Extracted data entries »
---------------

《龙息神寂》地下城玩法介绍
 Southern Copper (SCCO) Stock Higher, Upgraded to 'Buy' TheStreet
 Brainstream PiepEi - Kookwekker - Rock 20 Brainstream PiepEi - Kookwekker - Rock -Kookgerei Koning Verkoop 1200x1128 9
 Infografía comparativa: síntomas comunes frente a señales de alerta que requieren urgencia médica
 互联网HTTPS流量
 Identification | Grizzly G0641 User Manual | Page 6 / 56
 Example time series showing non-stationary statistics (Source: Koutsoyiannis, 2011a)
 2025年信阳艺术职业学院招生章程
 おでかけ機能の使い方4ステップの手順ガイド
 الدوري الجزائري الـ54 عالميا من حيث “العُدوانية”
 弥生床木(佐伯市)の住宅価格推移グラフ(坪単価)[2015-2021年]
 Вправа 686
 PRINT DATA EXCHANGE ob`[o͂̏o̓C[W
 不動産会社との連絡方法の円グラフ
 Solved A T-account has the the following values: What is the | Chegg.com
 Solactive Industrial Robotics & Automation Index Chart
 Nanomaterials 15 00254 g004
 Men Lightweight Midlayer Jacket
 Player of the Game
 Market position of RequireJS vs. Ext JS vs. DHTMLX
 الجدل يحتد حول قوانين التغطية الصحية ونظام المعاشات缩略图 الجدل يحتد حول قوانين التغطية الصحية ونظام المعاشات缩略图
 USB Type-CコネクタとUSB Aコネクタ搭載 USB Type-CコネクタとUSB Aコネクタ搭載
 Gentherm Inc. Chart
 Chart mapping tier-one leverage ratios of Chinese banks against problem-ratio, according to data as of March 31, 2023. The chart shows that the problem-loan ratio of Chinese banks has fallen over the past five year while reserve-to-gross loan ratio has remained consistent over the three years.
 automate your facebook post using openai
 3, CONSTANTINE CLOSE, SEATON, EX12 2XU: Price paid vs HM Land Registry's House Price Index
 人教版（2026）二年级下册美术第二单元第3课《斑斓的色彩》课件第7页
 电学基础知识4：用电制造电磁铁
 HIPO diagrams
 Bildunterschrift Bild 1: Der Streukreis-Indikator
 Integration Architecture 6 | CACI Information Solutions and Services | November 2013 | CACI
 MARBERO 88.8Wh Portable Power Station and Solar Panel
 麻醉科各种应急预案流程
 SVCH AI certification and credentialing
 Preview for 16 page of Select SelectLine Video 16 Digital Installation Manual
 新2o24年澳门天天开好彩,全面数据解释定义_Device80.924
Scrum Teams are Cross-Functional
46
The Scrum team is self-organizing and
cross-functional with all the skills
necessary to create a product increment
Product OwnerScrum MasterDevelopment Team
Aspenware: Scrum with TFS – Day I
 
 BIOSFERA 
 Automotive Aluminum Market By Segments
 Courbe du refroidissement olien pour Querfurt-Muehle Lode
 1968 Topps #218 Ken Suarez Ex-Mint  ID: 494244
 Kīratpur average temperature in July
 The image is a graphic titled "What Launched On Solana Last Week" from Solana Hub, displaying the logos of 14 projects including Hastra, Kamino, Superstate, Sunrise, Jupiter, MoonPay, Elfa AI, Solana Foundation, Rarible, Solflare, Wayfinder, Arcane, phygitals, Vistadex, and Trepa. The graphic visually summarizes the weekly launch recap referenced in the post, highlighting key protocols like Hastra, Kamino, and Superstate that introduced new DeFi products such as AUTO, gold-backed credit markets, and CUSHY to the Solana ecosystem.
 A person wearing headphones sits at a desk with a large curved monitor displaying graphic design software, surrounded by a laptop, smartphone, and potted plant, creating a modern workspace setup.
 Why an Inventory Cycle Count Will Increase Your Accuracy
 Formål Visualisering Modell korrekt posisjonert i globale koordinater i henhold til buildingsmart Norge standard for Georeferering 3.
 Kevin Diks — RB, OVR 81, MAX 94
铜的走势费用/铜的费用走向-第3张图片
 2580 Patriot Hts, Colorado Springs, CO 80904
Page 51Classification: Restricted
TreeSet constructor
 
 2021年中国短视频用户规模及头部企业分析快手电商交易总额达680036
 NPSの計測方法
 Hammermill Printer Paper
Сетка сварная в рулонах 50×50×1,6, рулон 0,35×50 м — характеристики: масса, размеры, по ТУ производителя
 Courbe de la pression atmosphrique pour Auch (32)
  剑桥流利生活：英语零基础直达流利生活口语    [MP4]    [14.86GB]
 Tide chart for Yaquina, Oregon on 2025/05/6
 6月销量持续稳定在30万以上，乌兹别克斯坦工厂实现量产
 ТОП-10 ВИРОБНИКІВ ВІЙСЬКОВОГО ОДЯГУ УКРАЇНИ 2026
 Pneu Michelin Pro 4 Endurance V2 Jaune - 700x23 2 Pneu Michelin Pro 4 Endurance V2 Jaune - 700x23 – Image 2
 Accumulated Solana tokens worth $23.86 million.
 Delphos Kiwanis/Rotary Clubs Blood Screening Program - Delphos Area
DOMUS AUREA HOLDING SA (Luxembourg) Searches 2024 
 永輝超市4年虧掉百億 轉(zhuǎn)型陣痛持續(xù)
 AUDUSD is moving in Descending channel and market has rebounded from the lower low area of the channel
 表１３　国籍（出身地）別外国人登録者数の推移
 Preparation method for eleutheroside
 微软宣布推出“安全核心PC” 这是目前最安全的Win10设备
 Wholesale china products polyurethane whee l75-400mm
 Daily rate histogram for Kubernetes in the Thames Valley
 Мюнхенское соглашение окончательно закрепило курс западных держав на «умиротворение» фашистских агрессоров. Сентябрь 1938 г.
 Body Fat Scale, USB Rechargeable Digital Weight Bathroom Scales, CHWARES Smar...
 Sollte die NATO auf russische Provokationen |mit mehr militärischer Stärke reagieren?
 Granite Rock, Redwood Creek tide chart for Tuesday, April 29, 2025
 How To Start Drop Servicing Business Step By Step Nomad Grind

---------------

WORK INSTRUCTION »
Please retype the top of the data exactly, down to and including the line that holds "Men Lightweight Midlayer Jacket", and nothing further.

RESPONSE TO THE EXERCISE »
《龙息神寂》地下城玩法介绍
 Southern Copper (SCCO) Stock Higher, Upgraded to 'Buy' TheStreet
 Brainstream PiepEi - Kookwekker - Rock 20 Brainstream PiepEi - Kookwekker - Rock -Kookgerei Koning Verkoop 1200x1128 9
 Infografía comparativa: síntomas comunes frente a señales de alerta que requieren urgencia médica
 互联网HTTPS流量
 Identification | Grizzly G0641 User Manual | Page 6 / 56
 Example time series showing non-stationary statistics (Source: Koutsoyiannis, 2011a)
 2025年信阳艺术职业学院招生章程
 おでかけ機能の使い方4ステップの手順ガイド
 الدوري الجزائري الـ54 عالميا من حيث “العُدوانية”
 弥生床木(佐伯市)の住宅価格推移グラフ(坪単価)[2015-2021年]
 Вправа 686
 PRINT DATA EXCHANGE ob`[o͂̏o̓C[W
 不動産会社との連絡方法の円グラフ
 Solved A T-account has the the following values: What is the | Chegg.com
 Solactive Industrial Robotics & Automation Index Chart
 Nanomaterials 15 00254 g004
 Men Lightweight Midlayer Jacket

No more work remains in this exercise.